Return the data that follows exactly as it appears. Pictures do not belong in the copy.

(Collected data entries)
..........

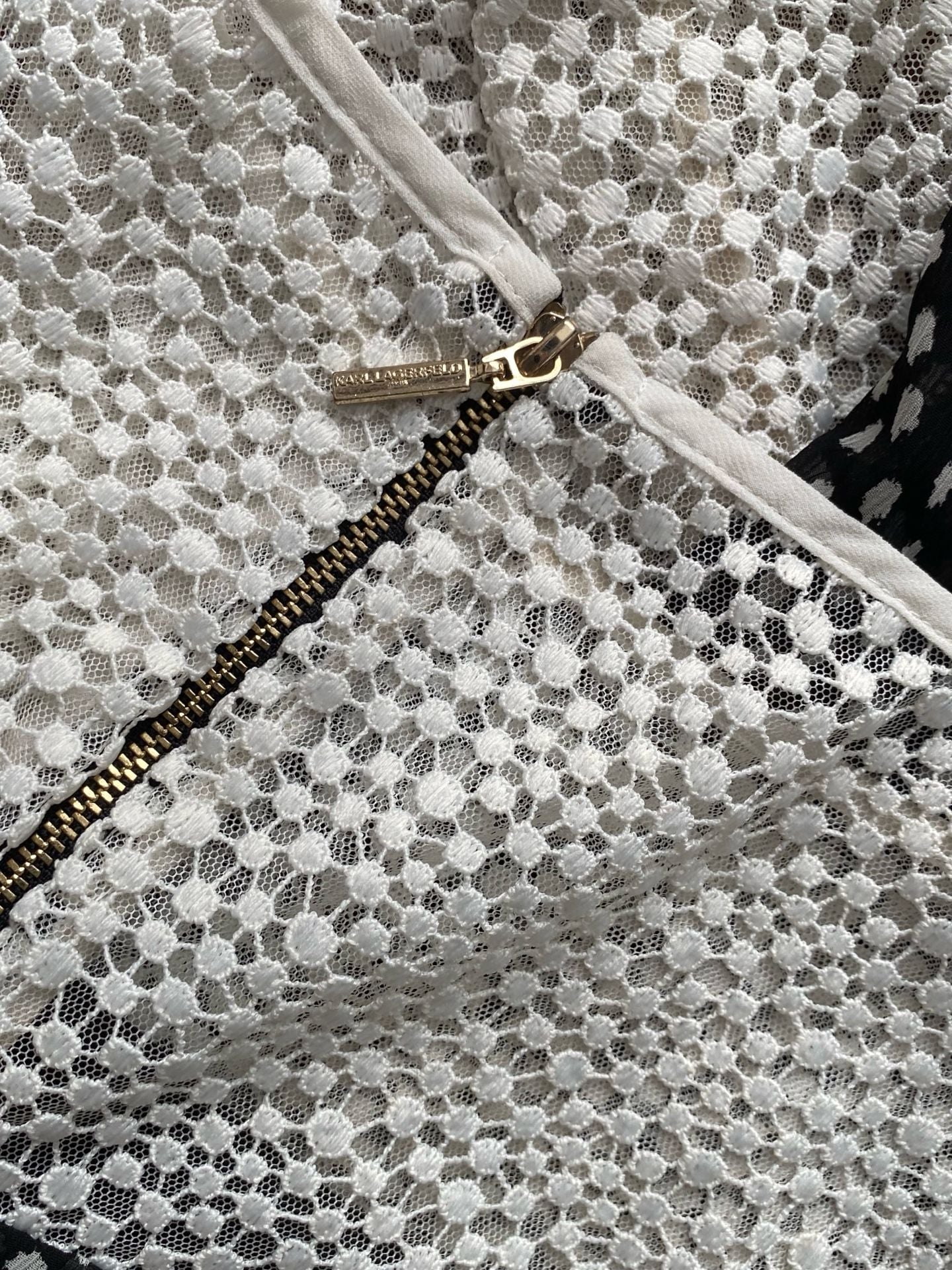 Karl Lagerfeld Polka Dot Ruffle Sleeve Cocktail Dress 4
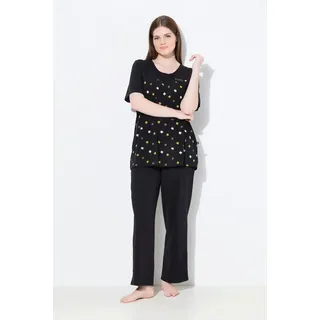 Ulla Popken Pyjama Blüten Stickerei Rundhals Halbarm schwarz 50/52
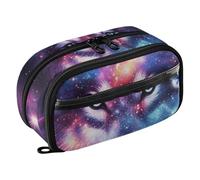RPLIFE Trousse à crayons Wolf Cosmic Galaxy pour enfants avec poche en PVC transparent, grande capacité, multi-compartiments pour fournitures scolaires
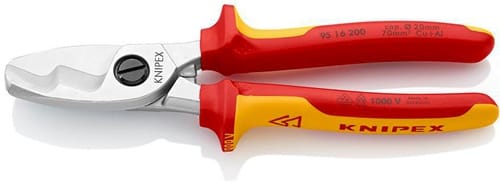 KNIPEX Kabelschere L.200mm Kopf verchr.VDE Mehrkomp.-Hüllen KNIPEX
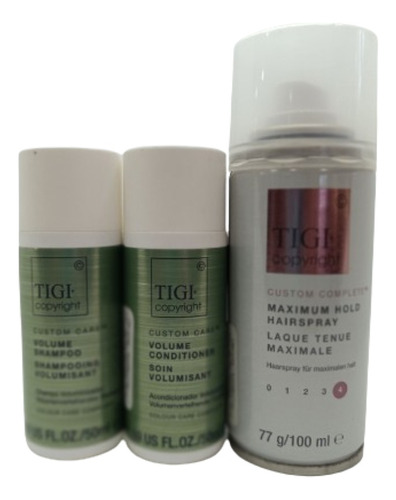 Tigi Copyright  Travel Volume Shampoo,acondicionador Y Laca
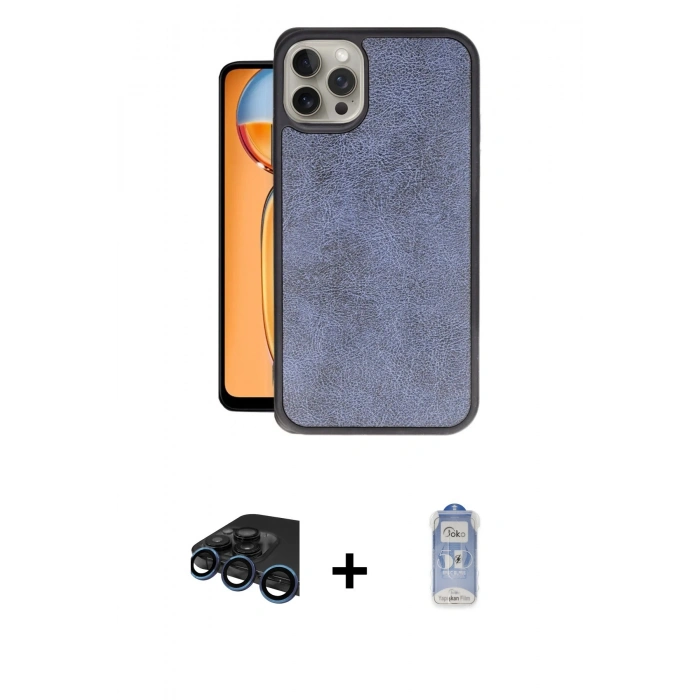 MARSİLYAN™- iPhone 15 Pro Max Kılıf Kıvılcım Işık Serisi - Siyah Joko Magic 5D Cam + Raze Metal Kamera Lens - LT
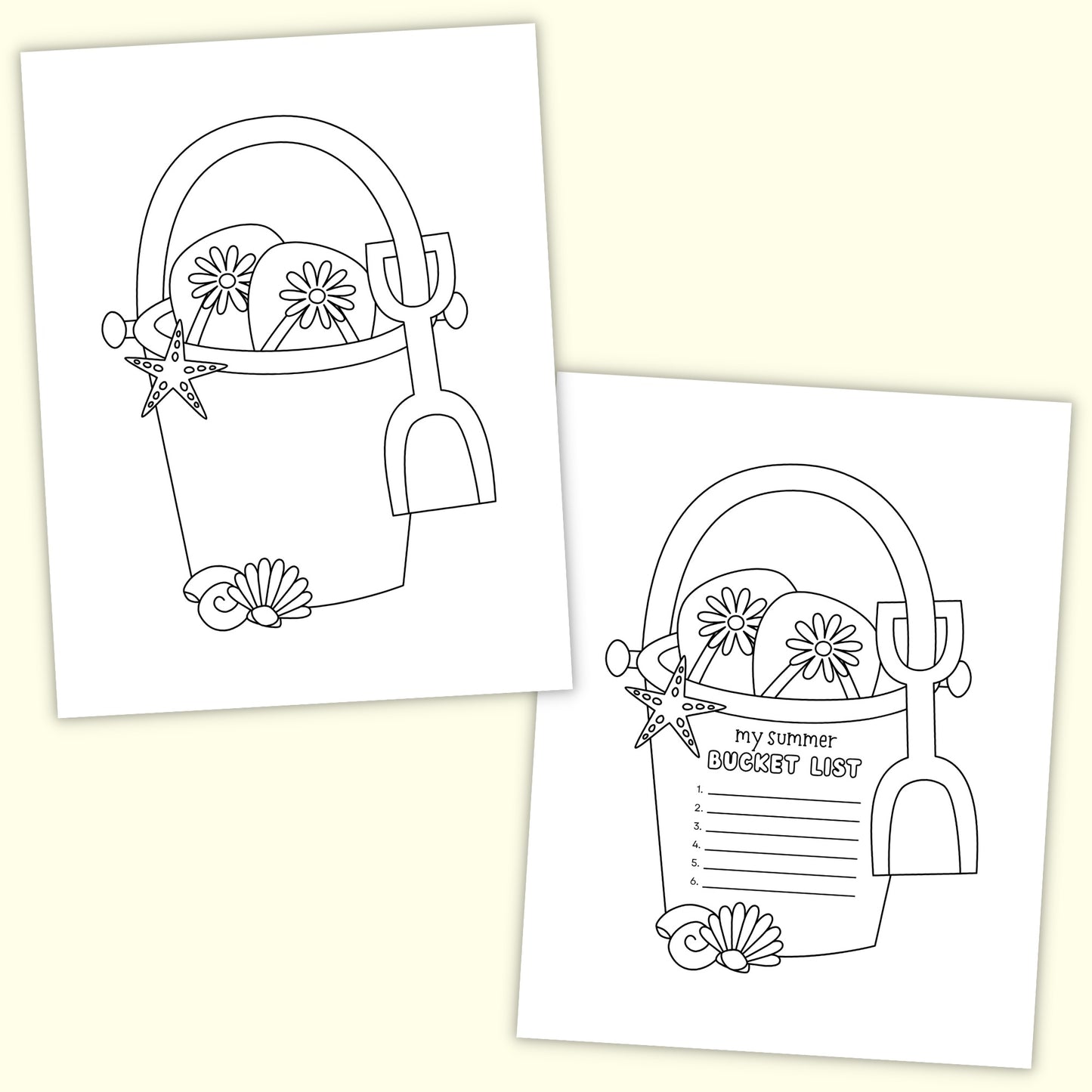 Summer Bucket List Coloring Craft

..........

- [SOLUTION TO THIS TASK]
 Karl Lagerfeld Polka Dot Ruffle Sleeve Cocktail Dress 4
 Ulla Popken Pyjama Blüten Stickerei Rundhals Halbarm schwarz 50/52
RPLIFE Trousse à crayons Wolf Cosmic Galaxy pour enfants avec poche en PVC transparent, grande capacité, multi-compartiments pour fournitures scolaires
 KNIPEX Kabelschere L.200mm Kopf verchr.VDE Mehrkomp.-Hüllen KNIPEX
 Tigi Copyright  Travel Volume Shampoo,acondicionador Y Laca
 MARSİLYAN™- iPhone 15 Pro Max Kılıf Kıvılcım Işık Serisi - Siyah Joko Magic 5D Cam + Raze Metal Kamera Lens - LT
 Summer Bucket List Coloring Craft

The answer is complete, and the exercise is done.